**What you will do:** Pictures excluded, output the lines of the data below between the one holding "Салат из груши и чечевицы" and the one holding "Passer au vernis", inclusive, exactly as they stand.

**Data to examine:**
________________________

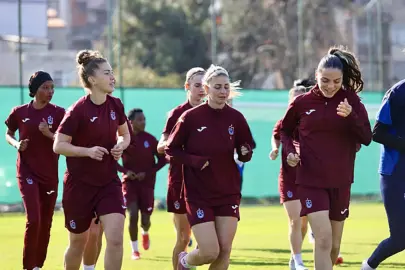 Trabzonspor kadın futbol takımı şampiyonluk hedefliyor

________________________

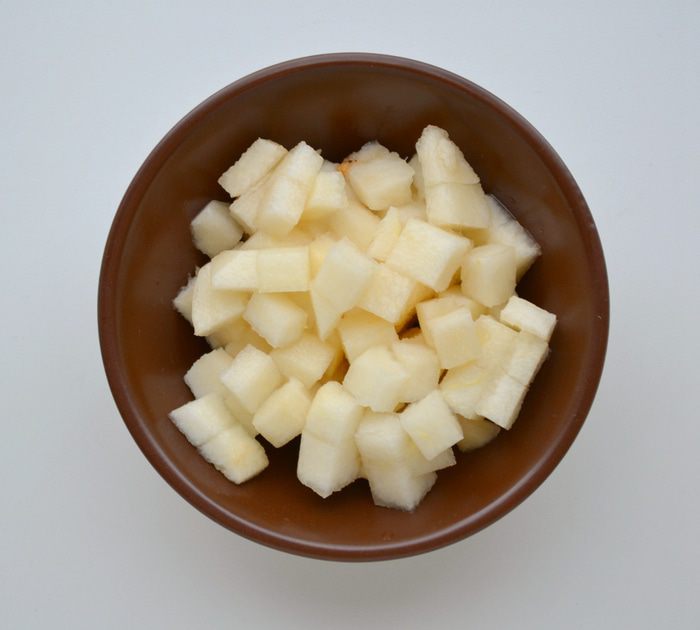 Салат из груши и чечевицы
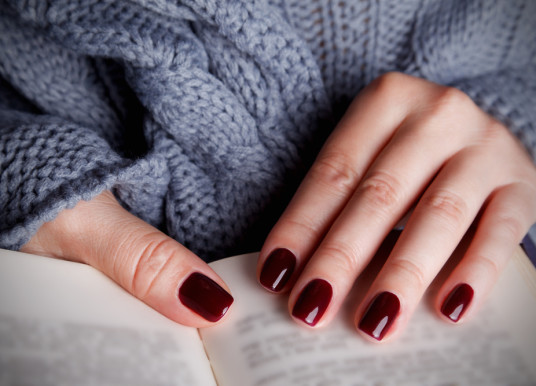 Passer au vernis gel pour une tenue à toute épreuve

________________________

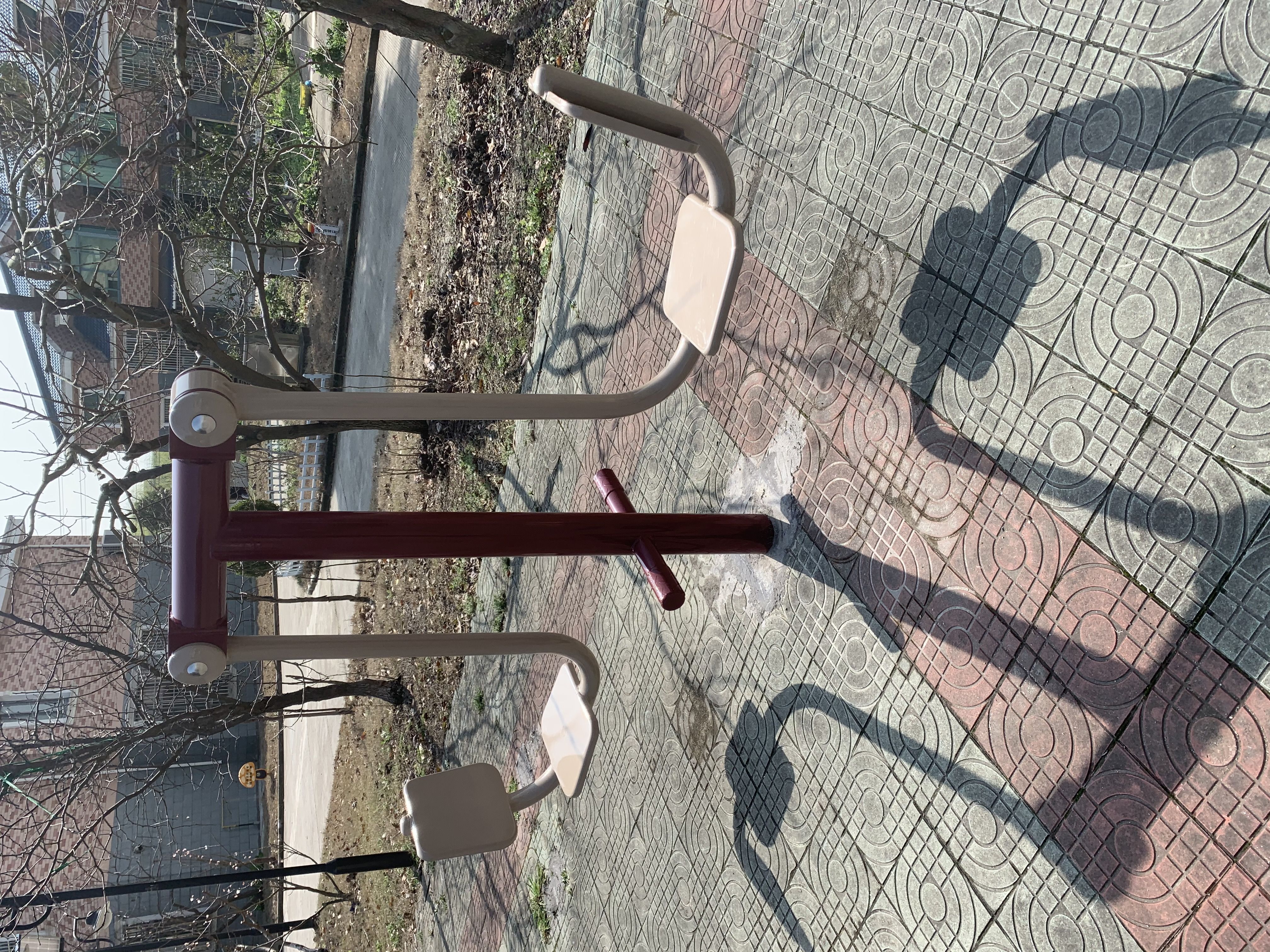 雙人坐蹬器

________________________

**Completed exercise:**
 Салат из груши и чечевицы
 Passer au vernis gel pour une tenue à toute épreuve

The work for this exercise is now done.